Church, Clashganniv, Co. Cork
Co. Cork |
Churches & Chapels
In the townland of Clashganniv in north County Cork, a T-shaped outline lies pressed into the earth, invisible unless you know to look for it.
The sod-covered foundations are all that remain of a church that was once substantial enough to warrant careful surveying, yet had vanished from official mapping within a generation of first being recorded.
The Ordnance Survey's six-inch map of 1842 shows the building as a T-shaped structure, roughly twenty metres along its east-west axis and eight metres across, with a southern extension of approximately ten by five metres. The whole sat within a rectangular enclosure of around forty by thirty metres. By the time later editions of the same map series were produced, the church had been removed from the record entirely, suggesting the structure was levelled sometime in the mid to late nineteenth century. What the 1842 surveyors captured, then, is a near-final glimpse of a building already on its way out. When measured on the ground today, the buried foundations correspond closely to those early survey dimensions, running twenty-two metres east to west with the southern projection extending eleven metres, confirming that the cartographic outline was accurate and that the archaeology beneath the turf remains largely intact.
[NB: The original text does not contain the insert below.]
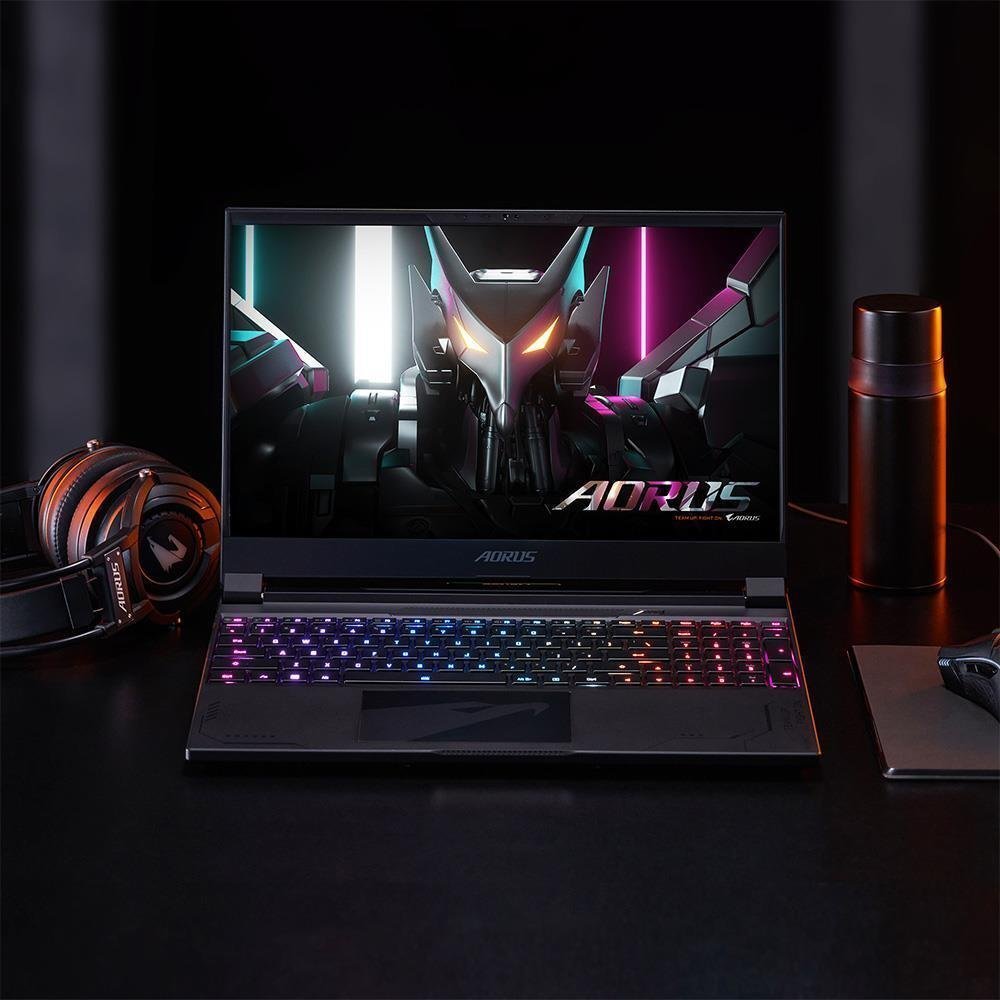 Лаптоп Gigabyte Aorus 15X ASF, Intel Core i7-13650HX, 16GB RAM, 1TB SSD, NVIDIA GeForce RTX 4070,темно сива боја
The T-shaped plan itself is worth pausing over. While the more familiar form for Irish rural churches is a simple rectangular nave, T-shaped plans occasionally indicate a later addition or a transept-like extension, sometimes associated with the accommodation of growing congregations or the insertion of a private burial aisle. At Clashganniv, the southern projection is substantial relative to the main body, though without excavation it is difficult to say more about its function or the period of the church's active use.